Document how fraudsters could redirect payments in your environment. You cannot simply conclude there is “no risk.”

Additional Tools

Consider account validation services (micro-deposits or third-party tools), multi-factor authentication for vendor master changes, staff training on BEC and vendor impersonation, and dual controls.

R17 Returns

If your bank receives an R17 return (“suspicious transaction”), investigate promptly. Do not automatically reissue the payment by check, the fraudster may accept either method.

New Standardized Company Entry Descriptions (Effective March 20, 2026)

NACHA also introduced standardized descriptions to help receiving banks detect anomalies, such as payroll diversion fraud.

PAYROLL | Must be used at the beginning of the 10-character Company Entry Description field for PPD credit entries that represent compensation payments (wages, salaries, or similar). This applies regardless of employment status, including contractors and 1099-NEC recipients when the payment is for services or compensation.
Not required for reimbursements (such as travel), pensions, or routine supplier invoices.
PURCHASE | Applies mainly to certain consumer e-commerce debit transactions and is generally not relevant to standard AP vendor credits paid via CCD.

Practical AP Impact: Standard business-to-business vendor invoice payments (CCD) typically require no change. However, if your AP team pays 1099 contractors or independent consultants as compensation, update your ACH file templates so the Company Entry Description begins with PAYROLL where applicable. Bundled payments mixing compensation and non-compensation items may require clarification with your bank.

To help translate these requirements into practical controls, use the checklist below as a quick readiness assessment.

12-Point ACH Fraud Readiness Checklist (AP Controls You Should Have in Place)

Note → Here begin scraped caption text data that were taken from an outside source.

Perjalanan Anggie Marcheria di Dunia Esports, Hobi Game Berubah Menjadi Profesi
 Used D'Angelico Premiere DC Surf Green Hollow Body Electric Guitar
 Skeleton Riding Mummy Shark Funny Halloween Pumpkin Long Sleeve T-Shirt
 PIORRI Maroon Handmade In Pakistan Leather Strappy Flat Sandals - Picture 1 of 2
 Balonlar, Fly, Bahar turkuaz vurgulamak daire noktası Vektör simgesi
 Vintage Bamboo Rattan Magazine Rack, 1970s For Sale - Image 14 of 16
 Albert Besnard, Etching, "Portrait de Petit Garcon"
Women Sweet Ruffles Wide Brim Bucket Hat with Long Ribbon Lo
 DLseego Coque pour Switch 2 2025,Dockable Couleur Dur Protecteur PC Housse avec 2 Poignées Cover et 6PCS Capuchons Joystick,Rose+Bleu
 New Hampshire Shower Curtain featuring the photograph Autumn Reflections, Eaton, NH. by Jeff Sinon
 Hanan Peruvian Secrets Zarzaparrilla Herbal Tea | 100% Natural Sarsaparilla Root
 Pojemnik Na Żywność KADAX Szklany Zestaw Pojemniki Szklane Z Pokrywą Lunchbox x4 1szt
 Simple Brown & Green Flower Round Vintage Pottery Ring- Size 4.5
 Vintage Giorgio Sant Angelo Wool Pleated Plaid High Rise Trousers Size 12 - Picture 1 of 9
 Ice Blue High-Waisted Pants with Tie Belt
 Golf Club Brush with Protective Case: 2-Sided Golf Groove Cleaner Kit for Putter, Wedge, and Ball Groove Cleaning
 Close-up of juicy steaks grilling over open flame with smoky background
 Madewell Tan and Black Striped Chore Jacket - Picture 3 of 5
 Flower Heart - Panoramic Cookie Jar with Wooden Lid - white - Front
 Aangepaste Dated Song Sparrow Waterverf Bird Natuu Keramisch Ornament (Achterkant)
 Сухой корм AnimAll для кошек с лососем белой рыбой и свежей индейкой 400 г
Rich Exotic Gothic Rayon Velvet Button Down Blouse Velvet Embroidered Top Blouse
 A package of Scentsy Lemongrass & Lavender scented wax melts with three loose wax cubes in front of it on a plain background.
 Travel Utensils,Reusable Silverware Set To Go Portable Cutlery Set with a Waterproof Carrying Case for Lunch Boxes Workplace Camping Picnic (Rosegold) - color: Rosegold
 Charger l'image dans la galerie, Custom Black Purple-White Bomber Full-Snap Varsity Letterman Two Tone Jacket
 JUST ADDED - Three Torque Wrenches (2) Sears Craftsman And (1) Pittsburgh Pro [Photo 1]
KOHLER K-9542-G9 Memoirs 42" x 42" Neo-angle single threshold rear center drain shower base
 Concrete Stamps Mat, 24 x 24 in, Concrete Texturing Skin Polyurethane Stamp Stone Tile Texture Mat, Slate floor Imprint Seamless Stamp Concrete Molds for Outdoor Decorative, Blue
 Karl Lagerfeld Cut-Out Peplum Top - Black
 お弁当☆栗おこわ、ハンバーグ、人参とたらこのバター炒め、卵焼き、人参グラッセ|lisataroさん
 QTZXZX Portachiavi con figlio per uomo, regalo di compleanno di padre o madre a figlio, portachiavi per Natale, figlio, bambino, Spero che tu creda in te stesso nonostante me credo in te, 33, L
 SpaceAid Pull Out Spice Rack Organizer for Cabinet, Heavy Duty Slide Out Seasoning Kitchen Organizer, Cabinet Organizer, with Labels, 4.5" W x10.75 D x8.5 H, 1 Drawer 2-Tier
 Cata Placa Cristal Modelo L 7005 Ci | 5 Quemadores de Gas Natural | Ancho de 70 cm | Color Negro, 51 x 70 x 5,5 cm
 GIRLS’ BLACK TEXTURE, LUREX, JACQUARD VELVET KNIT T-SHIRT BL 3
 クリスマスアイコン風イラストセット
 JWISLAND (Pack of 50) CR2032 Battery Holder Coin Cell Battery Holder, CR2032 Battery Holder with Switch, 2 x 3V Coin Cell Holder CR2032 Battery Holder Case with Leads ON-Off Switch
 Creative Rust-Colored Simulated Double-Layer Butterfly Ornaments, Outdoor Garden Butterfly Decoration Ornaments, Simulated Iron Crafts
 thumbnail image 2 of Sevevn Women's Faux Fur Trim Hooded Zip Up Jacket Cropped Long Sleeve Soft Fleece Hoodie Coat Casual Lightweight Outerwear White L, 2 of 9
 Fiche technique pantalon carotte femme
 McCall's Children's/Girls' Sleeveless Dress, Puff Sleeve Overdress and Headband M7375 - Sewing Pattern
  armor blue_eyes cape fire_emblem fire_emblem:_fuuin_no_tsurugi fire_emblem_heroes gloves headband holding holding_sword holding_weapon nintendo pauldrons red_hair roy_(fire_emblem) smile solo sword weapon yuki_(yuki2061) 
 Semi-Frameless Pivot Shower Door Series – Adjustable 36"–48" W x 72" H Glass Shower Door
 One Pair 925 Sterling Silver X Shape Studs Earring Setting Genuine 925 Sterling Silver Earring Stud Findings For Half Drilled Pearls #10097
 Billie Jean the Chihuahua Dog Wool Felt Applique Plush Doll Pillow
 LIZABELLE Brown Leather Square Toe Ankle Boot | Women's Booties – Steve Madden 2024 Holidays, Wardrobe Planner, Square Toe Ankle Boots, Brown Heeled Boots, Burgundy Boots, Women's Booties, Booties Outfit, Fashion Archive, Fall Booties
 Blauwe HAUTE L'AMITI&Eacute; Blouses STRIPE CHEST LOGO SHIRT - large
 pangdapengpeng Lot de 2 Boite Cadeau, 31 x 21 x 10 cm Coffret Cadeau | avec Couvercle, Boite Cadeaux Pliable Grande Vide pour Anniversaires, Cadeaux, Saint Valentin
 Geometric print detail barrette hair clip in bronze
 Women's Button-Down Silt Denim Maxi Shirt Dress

Confirmation calls required for all vendor banking changes
Calls made using trusted numbers from your vendor file (out-of-band)
Confirmation calls documented with who was spoken to, the date, and the outcome
Dual approval required for vendor master changes
Vendor master file access restricted
ACH returns, including R17, reviewed regularly
Unusual payment activity and patterns tracked
Written policy and risk assessment in place
Staff trained on vendor impersonation and BEC risks
Process ready to explain to your bank or auditor
ACH file formats updated for “PAYROLL” descriptor where required for compensation payments
Procedures documented for handling R17 suspicious returns

Download the ACH Fraud Readiness Checklist (Used by AP Teams)

Talk to Your Bank About This

Ask your bank:

How they will evaluate your fraud monitoring process
What documentation they expect to see
How they handle R17 suspicious returns

Final Thought

Fraud prevention is not about distrust. It is about structure and layered controls.

If your company pays vendors, suppliers, or contractors by ACH, now is the time to review and strengthen your processes. Strong controls protect your organization, your vendors, and the entire ACH network.

The June 22, 2026 deadline is approaching quickly for most AP teams. Discuss implementation with your treasury or banking partner and consider obtaining the latest NACHA Operating Rules & Guidelines for additional details.